Dans un état de vigilance permanente, Ilaria remarque tous les signaux qui la renvoient au caractère anormal de la situation. Et ce dès le moment où elle note la moiteur de la main de son père. La langue du récit restitue cette attention de la petite fille au réel, sa très grande sensibilité à ce qu’elle voit, à ce qu’elle entend : « Depuis quelques semaines, Papa s’excite pour un rien. Il dit qu’il ne supporte pas l’hiver, qu’il ne supporte pas le manque de lumière. Des fois, sa colère est telle que je vois voler des boules de pétanque au-dessus de ma tête. Je frissonne, je me bouche les oreilles. L’autre jour, il m’a appelée comme Maman, Antonia. » Vue à hauteur d’enfant, la situation gagne en tragique et paradoxalement en légèreté. Une distance s’installe grâce au regard que pose Ilaria sur le monde qui l’entoure, par la très grande attention qu’elle porte à ce qu’elle voit, ce qu’elle sent. Le récit est parfois quasiment photographique, et l’écrivaine lui donne cette simplicité grave du regard de l’enfant qui voit tout, qui remarque tout, mais qui pour autant, dans cette gravité de l’observation et de l’intuition, sait aussi se parer de la légèreté et de l’innocence propres à cette période de la vie.
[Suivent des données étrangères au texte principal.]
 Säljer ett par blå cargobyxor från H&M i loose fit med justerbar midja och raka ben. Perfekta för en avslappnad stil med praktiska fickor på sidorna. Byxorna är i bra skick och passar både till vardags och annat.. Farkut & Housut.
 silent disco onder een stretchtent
La prose simple de Gabriella Zalapì et la manière dont elle utilise l’ellipse, les blancs qu’elle laisse sur la page, une forme de concision également, donnent une très grande intensité au récit. La parole intérieure de la petite fille décrit incessamment son père, qu’on ne connaît que par son truchement, et par les télégrammes qui sont restitués dans la narration : « Ton téléphone fonctionne parfaitement. STOP. Pourquoi bloquer le contact. STOP. Le père de tes enfants. STOP. » Alors qu’elle est la narratrice, c’est le silence d’Ilaria qui nous étreint. Et en écho, celui de cette mère dont on peut deviner l’angoisse et le désespoir alors qu’elle sait sa fille livrée à cet homme qui ne peut s’intéresser à rien d’autre qu’à son obsession pour Antonia.
Ilaria ou la conquête de la désobéissance confirme l’immense talent de Gabriella Zalapì, qui sait aller au plus intime sans jamais trahir ses personnages, et sans jamais se trahir elle-même. On imagine combien la petite Ilaria a accompagné l’autrice dans l’écriture de ce récit qui rappelle que l’enfance, prise dans l’impuissance face aux adultes et à leurs passions délirantes, possède pourtant une puissance de vie incommensurable. Incontestablement, l’écriture ici en témoigne avec force.